All of lore.kernel.org
 help / color / mirror / Atom feed
* [PATCH net-next v5] rtnetlink: add new RTM_GETSTATS message to dump link stats
@ 2016-04-18 21:10 Roopa Prabhu
  2016-04-18 21:35 ` Eric Dumazet
                   ` (2 more replies)
  0 siblings, 3 replies; 57+ messages in thread
From: Roopa Prabhu @ 2016-04-18 21:10 UTC (permalink / raw)
  To: netdev; +Cc: jhs, davem, tgraf, nicolas.dichtel

From: Roopa Prabhu <roopa@cumulusnetworks.com>

This patch adds a new RTM_GETSTATS message to query link stats via netlink
from the kernel. RTM_NEWLINK also dumps stats today, but RTM_NEWLINK
returns a lot more than just stats and is expensive in some cases when
frequent polling for stats from userspace is a common operation.

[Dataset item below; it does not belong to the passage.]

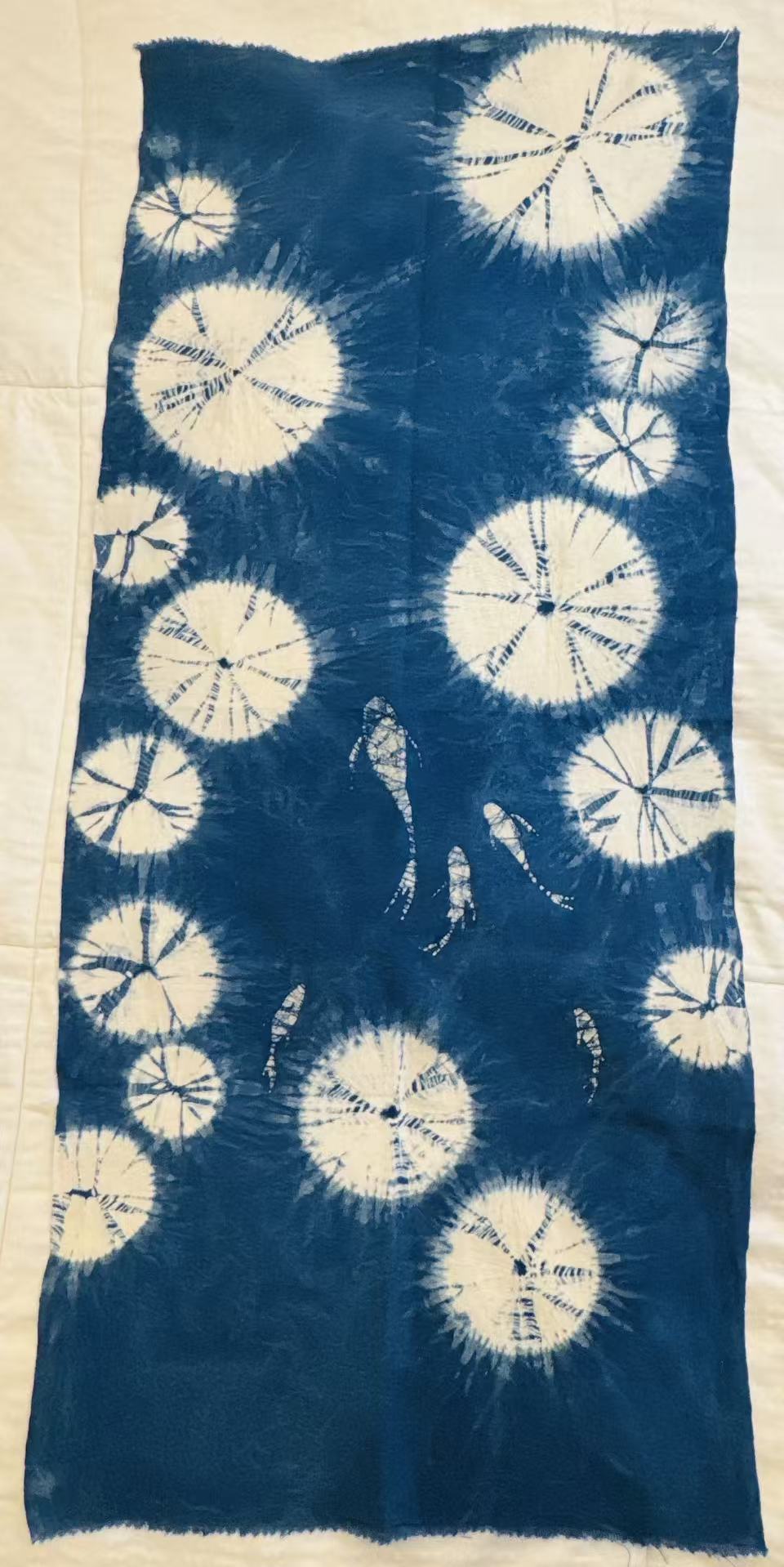 BA-20: Hand-Painted Lotus Pond Indigo Scroll – Shibori Cotton Tea Mat & Wall Art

RTM_GETSTATS is an attempt to provide a light weight netlink message
to explicity query only link stats from the kernel on an interface.
The idea is to also keep it extensible so that new kinds of stats can be
added to it in the future.

This patch adds the following attribute for NETDEV stats:
struct nla_policy ifla_stats_policy[IFLA_STATS_MAX + 1] = {
        [IFLA_STATS_LINK_64]  = { .len = sizeof(struct rtnl_link_stats64) },
};

Like any other rtnetlink message, RTM_GETSTATS can be used to get stats of
a single interface or all interfaces with NLM_F_DUMP.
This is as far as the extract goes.